INFORMATION ::
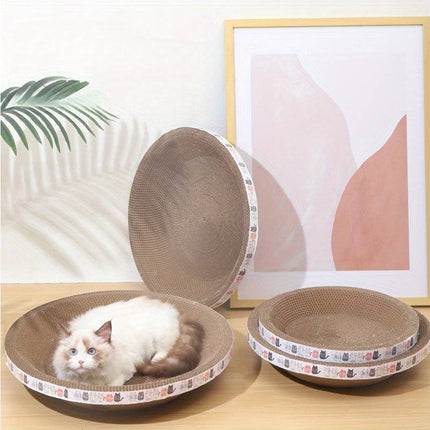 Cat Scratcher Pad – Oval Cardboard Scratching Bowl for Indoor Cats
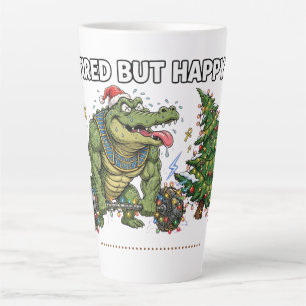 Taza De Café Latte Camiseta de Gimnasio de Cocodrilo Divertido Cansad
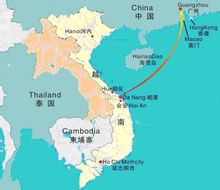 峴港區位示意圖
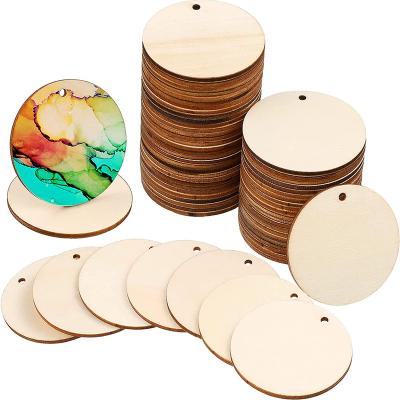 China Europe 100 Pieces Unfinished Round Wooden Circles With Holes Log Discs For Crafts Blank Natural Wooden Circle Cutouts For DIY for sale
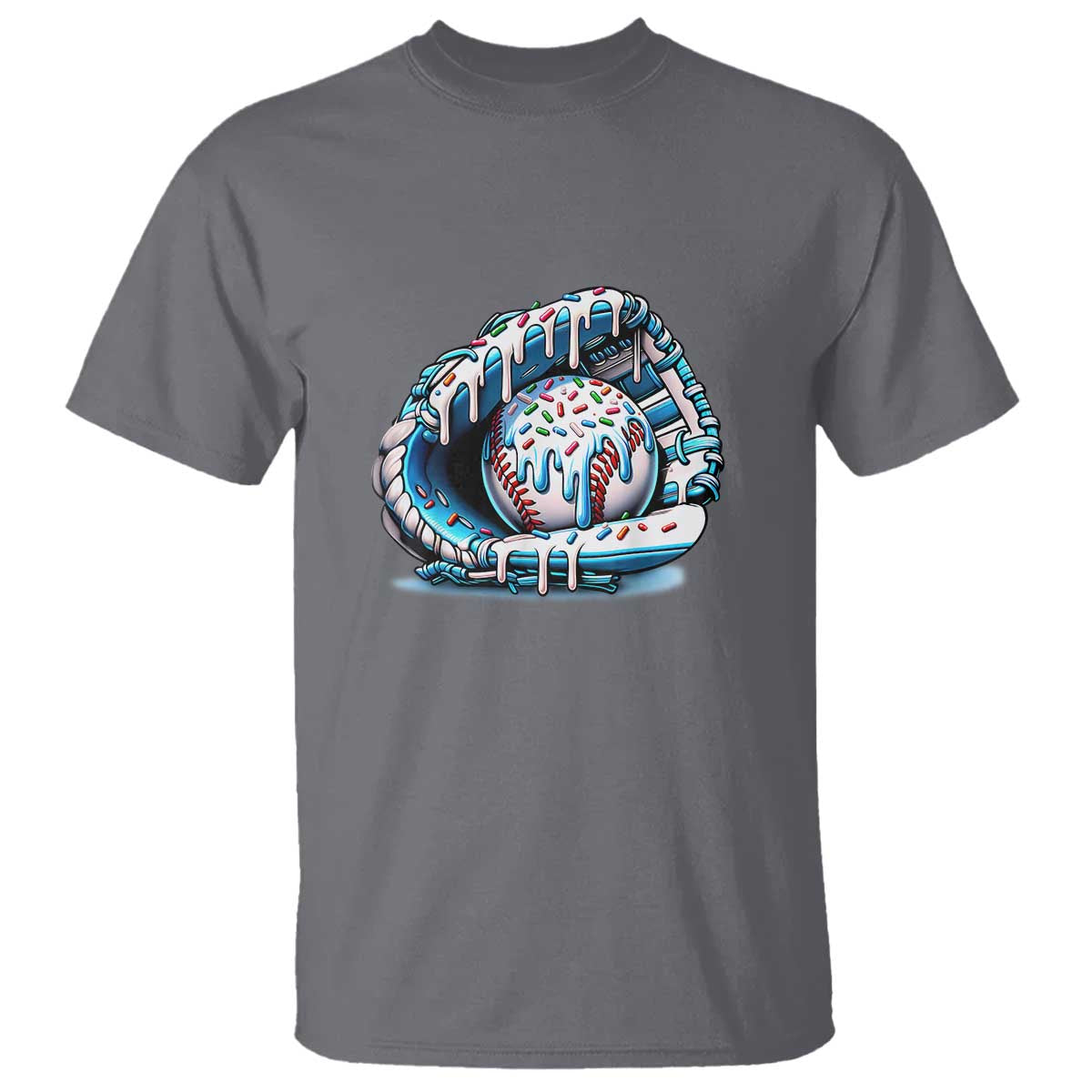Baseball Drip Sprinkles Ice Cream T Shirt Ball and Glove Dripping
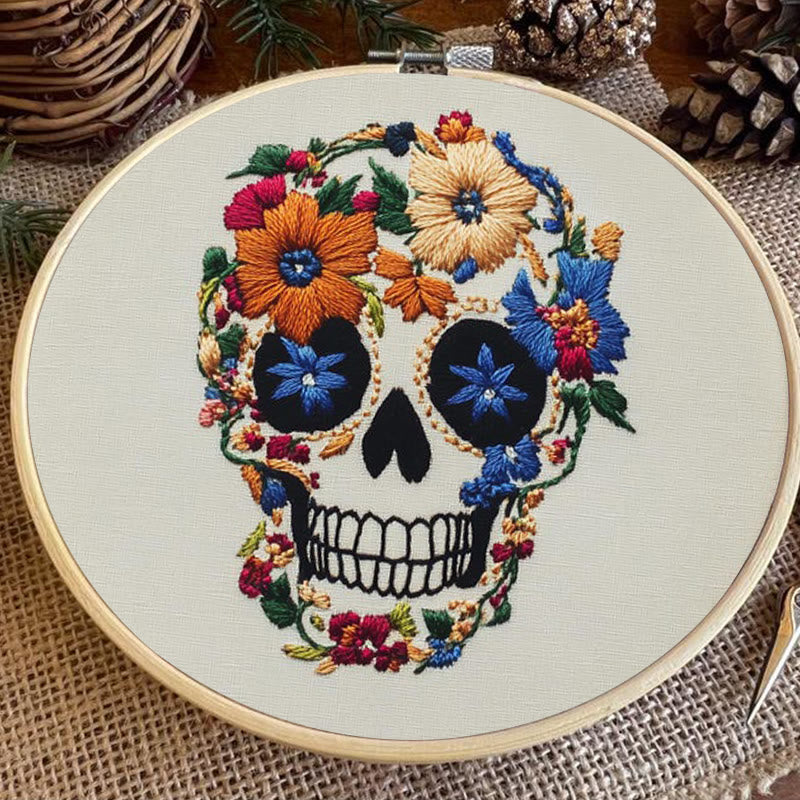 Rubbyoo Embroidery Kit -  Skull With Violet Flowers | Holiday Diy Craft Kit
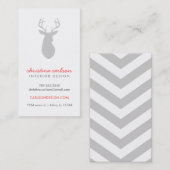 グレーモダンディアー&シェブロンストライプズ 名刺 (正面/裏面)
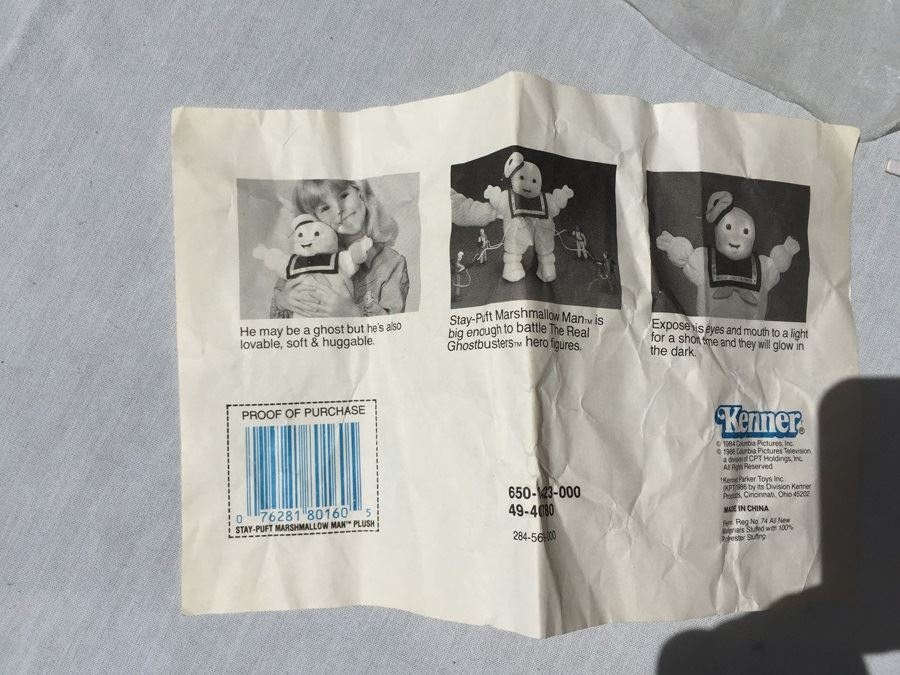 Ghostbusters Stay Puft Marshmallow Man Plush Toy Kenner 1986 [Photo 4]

WHAT IS BEING ASKED ::
Transcribe exactly, and without any pictures, each line from the one that holds "グレーモダンディアー&シェブロンストライプズ 名刺 (正面/裏面)" through the final line of the material above.

EXPECTED ANSWER ::
 グレーモダンディアー&シェブロンストライプズ 名刺 (正面/裏面)
 Ghostbusters Stay Puft Marshmallow Man Plush Toy Kenner 1986 [Photo 4]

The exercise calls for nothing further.